Why was he not like the others?
I don’t know if he lost a bet; however, I do know that he stayed for the whole class, although, he definitely struggled (and he looked like he was in really good shape). As I walked out of the class, I wondered how he felt about being the only guy, and I wondered if he would return; and for the whole drive home, I kept singing the song “One of these things is not like the other, one of these things just doesn’t belong.”I learned this song in elementary school when we were learning shapes and we had to decipher the differences. Now as an adult, it strikes me as odd that there was always a focus on the difference, as if the different one was the bad one. The different one was always in the wrong place and had to be kicked out; and I wonder if subconsciously that stupid innocent song made a number of us afraid of being the different one.
I used to hate being not like the others
For most of my 20s, I hated being the only woman in a room full of men. It made me feel self-conscious, and I always questioned what was going through the minds of the guys in the room. Finally, after I hit 30, I realized that I had power in being the only unique one in the room. It was not a curse for me to be different as I previously assumed, it was a blessing, and I started to embrace it and grow more confident in that knowledge.It took me many years of trying to keep up with the Joneses to decide that I wanted to live a different life. I didn’t need stuff or expensive vacations and cars to make me feel good. For years, I was afraid of being different, or the only frugal minded one in the group, so I spent money with everyone else. Now I realize the power in being the different one. I am not embarrassed to suggest a place that has a happy hour, or I am not concerned what others will think when they see my Toyota vs. a Lexus. I finally understand the value of being “not like the others,” and it is liberating.

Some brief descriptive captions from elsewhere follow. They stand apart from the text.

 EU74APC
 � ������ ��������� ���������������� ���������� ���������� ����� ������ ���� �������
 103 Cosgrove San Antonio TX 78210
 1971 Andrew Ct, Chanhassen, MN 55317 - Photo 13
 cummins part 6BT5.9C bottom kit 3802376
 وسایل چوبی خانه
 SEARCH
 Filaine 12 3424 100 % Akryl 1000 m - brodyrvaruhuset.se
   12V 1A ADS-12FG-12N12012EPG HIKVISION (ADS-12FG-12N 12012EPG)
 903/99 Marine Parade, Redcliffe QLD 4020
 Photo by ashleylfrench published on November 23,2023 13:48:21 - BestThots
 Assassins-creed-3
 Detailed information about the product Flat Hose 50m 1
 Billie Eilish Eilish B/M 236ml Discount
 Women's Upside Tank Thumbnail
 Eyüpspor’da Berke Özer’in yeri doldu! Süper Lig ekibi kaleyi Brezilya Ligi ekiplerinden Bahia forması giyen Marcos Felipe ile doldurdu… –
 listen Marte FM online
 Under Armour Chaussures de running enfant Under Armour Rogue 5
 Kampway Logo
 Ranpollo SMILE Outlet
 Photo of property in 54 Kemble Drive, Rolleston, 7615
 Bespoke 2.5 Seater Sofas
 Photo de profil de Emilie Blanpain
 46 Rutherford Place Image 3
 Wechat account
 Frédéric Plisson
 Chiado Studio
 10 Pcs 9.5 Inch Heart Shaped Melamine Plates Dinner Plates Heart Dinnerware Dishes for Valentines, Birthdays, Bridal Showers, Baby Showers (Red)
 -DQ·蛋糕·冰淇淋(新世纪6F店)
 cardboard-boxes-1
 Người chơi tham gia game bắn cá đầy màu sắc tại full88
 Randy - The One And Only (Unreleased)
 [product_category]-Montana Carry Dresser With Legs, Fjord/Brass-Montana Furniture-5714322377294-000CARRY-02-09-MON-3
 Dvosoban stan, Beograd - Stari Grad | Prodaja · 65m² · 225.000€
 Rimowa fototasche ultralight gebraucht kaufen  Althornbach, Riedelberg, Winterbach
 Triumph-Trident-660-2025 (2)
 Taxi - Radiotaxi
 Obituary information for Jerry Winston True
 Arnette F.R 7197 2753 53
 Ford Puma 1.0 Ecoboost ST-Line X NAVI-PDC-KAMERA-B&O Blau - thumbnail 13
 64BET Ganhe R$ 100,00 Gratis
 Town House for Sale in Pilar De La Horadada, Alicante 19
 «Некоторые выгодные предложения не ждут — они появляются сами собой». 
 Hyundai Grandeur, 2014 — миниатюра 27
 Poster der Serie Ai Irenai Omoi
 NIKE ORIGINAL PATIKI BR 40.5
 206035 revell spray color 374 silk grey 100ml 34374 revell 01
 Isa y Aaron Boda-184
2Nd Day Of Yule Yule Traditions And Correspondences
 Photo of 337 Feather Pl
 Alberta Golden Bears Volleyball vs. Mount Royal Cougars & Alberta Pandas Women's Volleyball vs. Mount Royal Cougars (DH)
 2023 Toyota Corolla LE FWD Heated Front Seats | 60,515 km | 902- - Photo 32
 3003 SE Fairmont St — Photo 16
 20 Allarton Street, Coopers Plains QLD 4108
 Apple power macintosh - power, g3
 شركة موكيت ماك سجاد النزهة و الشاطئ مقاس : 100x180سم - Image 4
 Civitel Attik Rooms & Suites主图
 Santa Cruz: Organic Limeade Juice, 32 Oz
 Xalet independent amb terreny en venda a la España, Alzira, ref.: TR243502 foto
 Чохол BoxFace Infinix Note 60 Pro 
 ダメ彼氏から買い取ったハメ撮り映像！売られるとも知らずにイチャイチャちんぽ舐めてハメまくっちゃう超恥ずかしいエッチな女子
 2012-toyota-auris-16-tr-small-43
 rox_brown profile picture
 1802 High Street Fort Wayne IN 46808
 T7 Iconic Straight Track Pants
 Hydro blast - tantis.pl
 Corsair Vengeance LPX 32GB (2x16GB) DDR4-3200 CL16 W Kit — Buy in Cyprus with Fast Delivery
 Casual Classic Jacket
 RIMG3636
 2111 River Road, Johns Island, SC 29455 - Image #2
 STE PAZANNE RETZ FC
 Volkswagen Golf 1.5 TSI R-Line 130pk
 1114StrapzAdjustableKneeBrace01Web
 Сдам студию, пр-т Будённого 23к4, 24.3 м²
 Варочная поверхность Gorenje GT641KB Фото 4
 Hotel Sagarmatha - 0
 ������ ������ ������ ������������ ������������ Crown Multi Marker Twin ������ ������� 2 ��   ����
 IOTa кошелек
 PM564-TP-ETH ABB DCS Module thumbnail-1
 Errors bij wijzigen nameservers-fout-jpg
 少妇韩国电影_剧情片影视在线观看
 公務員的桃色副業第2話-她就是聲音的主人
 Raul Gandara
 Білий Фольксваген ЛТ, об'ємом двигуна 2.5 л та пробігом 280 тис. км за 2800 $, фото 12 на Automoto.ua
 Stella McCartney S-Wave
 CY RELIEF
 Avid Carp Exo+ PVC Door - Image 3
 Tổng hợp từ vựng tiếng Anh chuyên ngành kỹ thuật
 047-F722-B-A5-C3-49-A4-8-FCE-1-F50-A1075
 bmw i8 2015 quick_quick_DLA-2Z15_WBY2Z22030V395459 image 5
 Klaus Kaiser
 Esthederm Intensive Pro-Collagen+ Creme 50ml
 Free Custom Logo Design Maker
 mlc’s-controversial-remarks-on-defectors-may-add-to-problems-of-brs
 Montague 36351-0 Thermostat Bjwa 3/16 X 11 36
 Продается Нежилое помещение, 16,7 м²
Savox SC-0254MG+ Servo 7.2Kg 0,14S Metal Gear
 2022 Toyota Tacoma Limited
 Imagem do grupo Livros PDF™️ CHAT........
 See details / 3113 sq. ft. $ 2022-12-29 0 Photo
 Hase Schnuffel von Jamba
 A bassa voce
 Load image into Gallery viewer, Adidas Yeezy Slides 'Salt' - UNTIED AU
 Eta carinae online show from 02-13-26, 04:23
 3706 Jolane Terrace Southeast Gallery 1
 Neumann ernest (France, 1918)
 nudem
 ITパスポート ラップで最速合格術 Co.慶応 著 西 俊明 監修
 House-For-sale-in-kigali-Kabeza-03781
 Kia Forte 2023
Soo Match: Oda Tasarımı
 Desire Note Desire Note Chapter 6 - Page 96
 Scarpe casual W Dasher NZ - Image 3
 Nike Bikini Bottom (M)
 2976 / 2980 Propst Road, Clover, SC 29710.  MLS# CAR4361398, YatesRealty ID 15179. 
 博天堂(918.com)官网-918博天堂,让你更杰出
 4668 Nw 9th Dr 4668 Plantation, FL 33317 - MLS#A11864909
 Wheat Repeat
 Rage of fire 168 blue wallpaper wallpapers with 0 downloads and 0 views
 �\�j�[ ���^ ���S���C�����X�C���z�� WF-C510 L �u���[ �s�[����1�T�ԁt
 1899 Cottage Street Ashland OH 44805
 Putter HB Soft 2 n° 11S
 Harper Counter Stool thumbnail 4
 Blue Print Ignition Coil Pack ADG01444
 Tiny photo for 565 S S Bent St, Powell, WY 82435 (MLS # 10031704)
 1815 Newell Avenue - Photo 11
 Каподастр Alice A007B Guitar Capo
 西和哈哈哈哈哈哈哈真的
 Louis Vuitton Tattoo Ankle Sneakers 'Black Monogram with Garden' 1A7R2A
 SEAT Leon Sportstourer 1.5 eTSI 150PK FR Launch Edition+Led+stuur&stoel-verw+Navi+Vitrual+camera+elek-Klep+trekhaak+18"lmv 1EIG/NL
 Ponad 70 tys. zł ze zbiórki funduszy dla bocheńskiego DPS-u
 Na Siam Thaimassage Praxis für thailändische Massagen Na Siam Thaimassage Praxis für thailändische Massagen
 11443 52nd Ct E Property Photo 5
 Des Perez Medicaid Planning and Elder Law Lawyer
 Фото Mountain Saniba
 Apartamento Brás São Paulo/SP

Choose to be not like the others
I hope if you are scared about being different, you remember the guy in my gym class. I don’t know what went through his mind during that hour-long workout; however, I do know that he accomplished something remarkable, and he got a great workout. If he was afraid of being different, he would have missed out on the opportunity to get healthier and learn a new way to workout.Don’t be afraid of being not like the others with your money choices. Making smart and conscious decisions is a good thing and not something that you should fear. I wasted years worrying about differences. Now I know that the differences are a gift and we need to embrace them rather than fear them.